REQUIRED WORK
After finding "Наборы для алмазной" in the data, write out its line and all following lines without change, up to and including the last one. Leave out pictures.

DATA LISTING
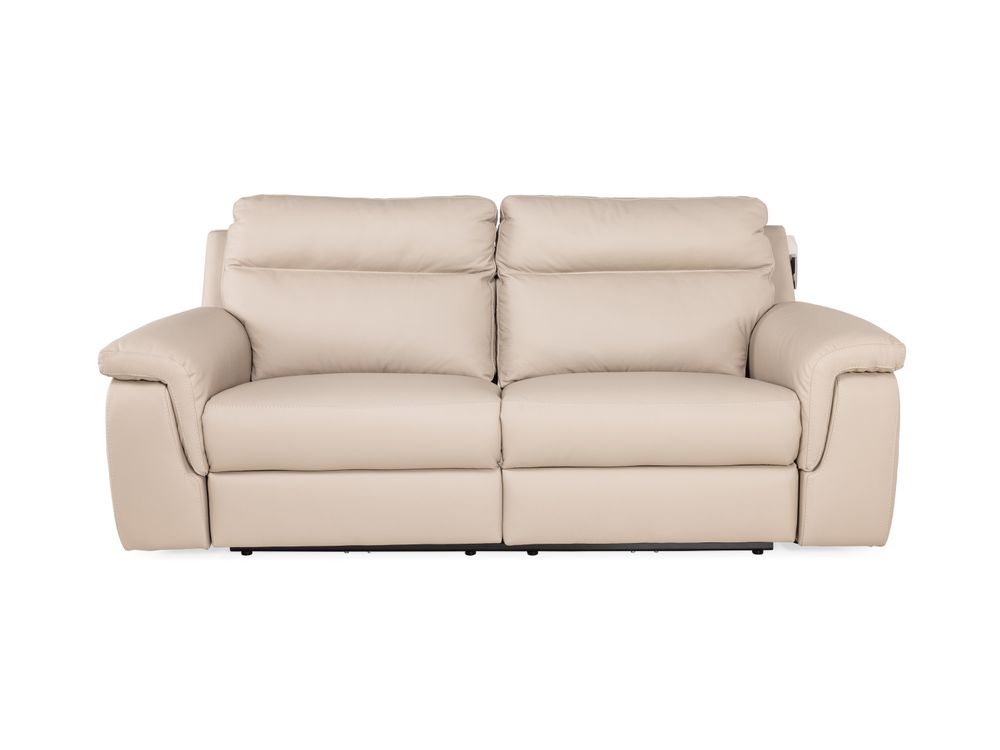 3-zit met 2 elektr. relaxen ALAN - Beige leder NIC-2-000006-F352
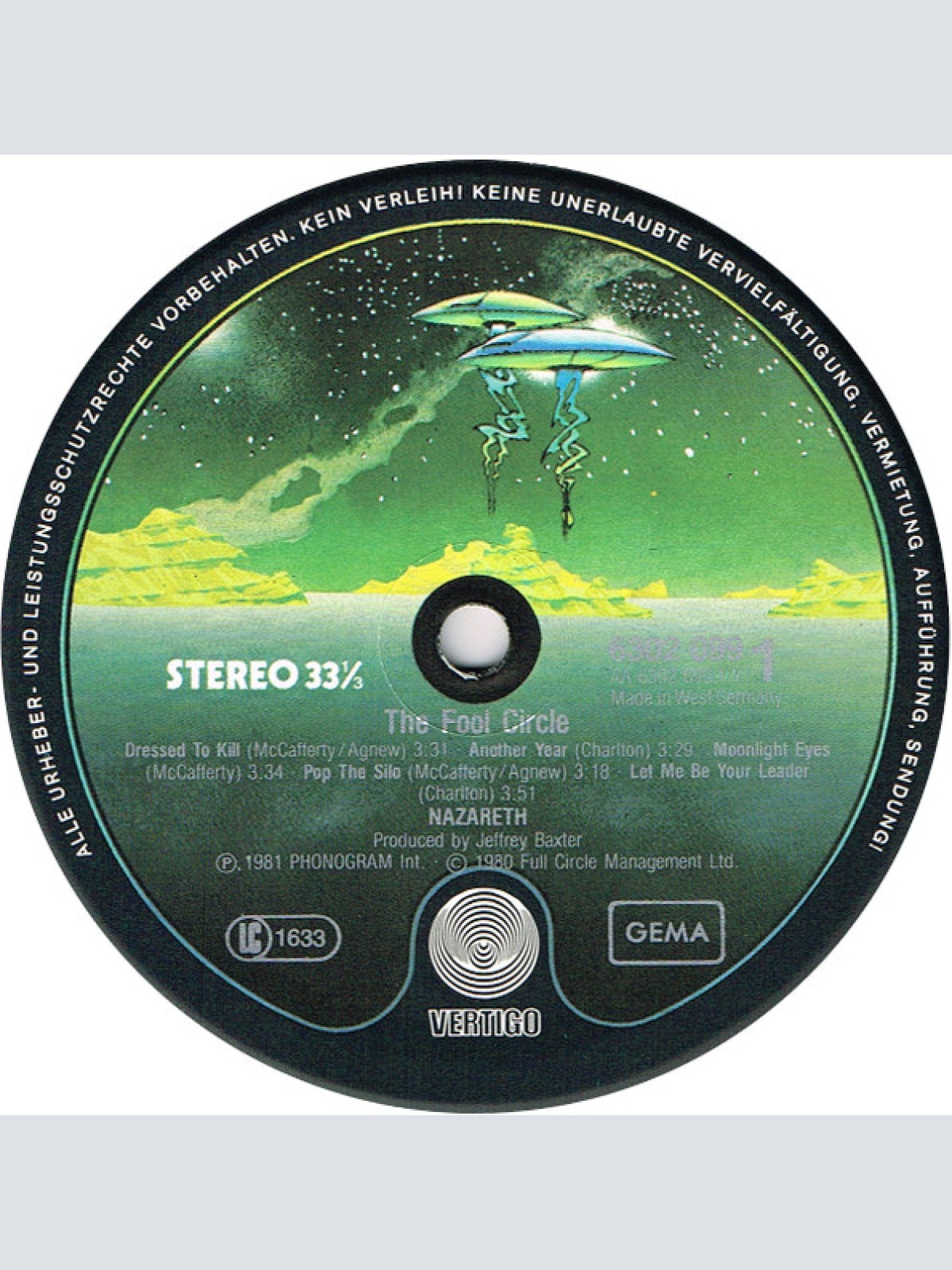 Vinyl / Nazareth (2) - The Fool Circle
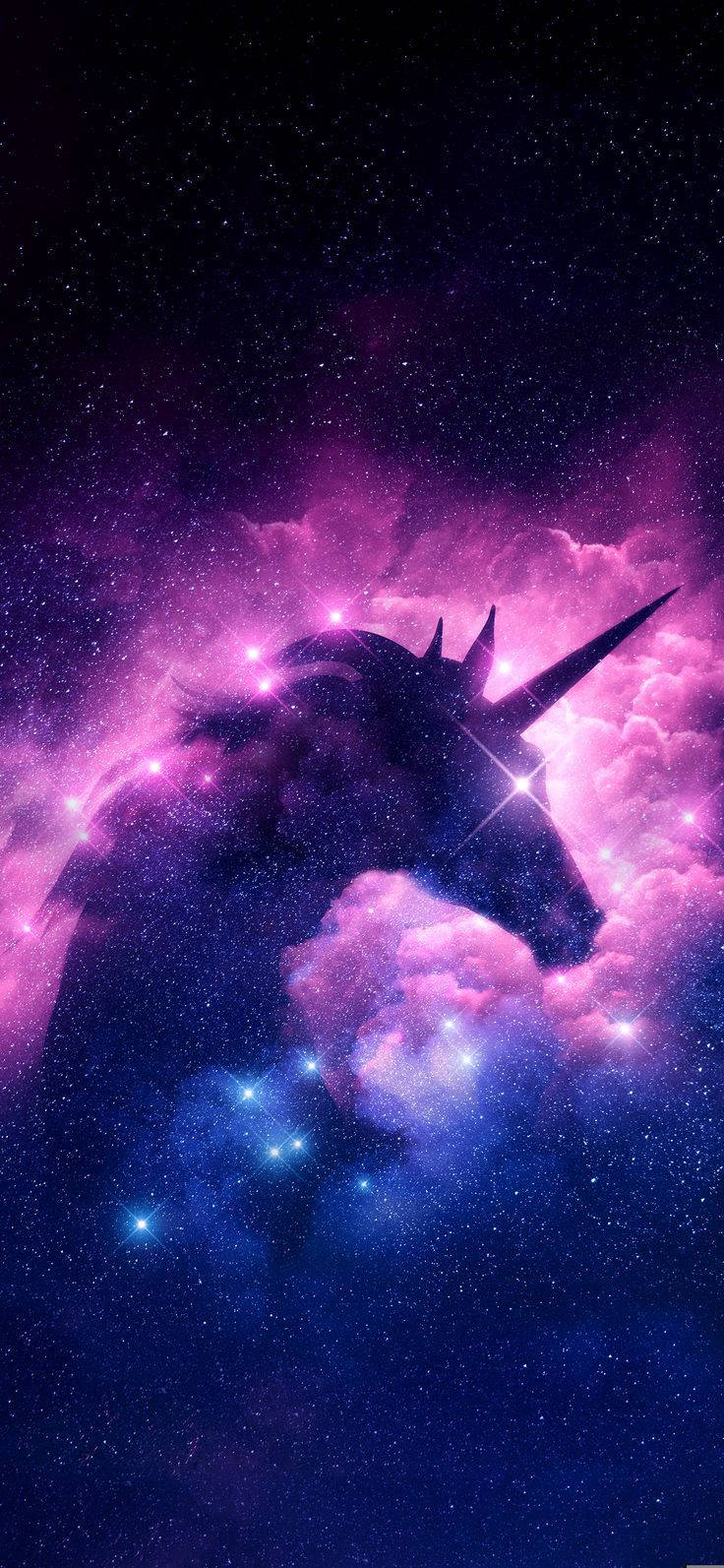 Purple Galaxy Unicorn Constellation Iphone Background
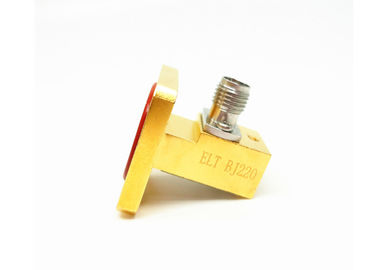 WR42 K 2.92mm Waveguide Untuk Koaksial Adapter Square Cover Grooved Flange K/BJ220-KF2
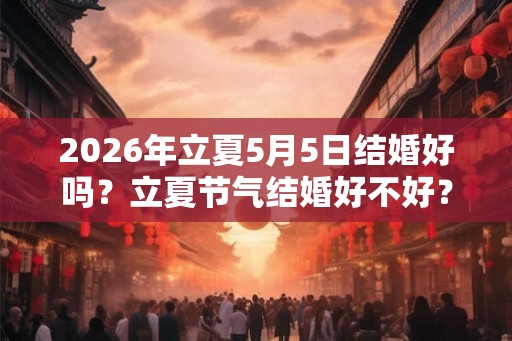 2026年立夏5月5日结婚好吗？立夏节气结婚好不好？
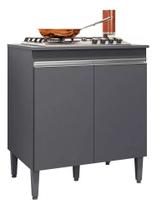 Balcão Para Cooktop Armário De Cozinha Andréia - AJL Móveis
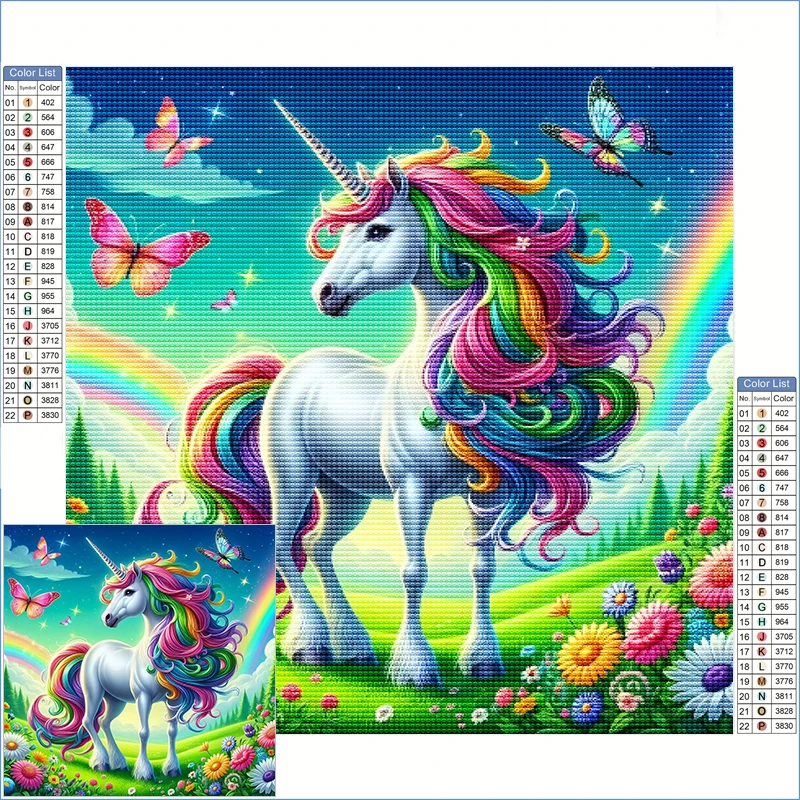 

Наборы для алмазной живописи Majestic Unicorn In Fairylan, большие полные алмазные вышивки, алмазные картины, искусство и ремесла, подарки для взрослых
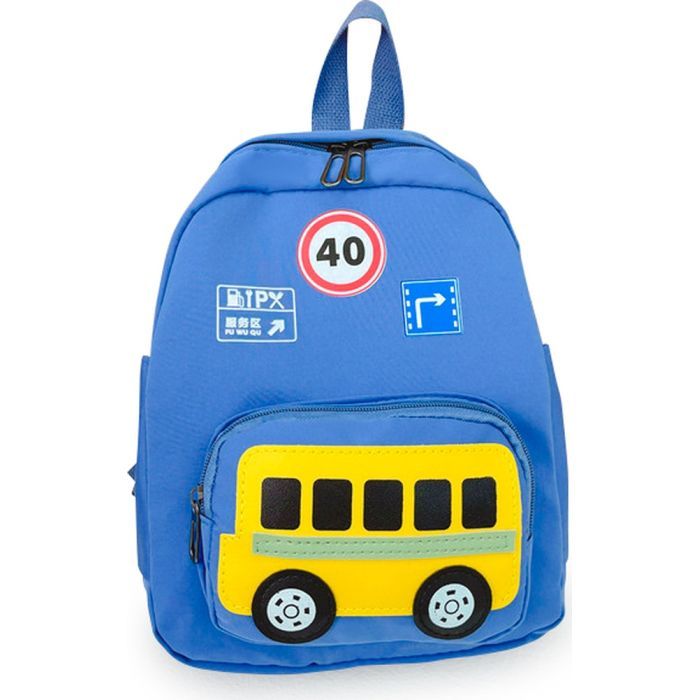 Рюкзак дитячий Evo-kids Small Bus Blue (2418-7 Blue Bus)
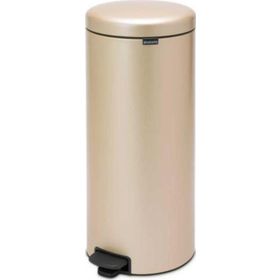 Brabantia Newicon 30 lt Pedallı Şampanya Çöp Kutusu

EXPECTED ANSWER
Наборы для алмазной живописи Majestic Unicorn In Fairylan, большие полные алмазные вышивки, алмазные картины, искусство и ремесла, подарки для взрослых
 Рюкзак дитячий Evo-kids Small Bus Blue (2418-7 Blue Bus)
 Brabantia Newicon 30 lt Pedallı Şampanya Çöp Kutusu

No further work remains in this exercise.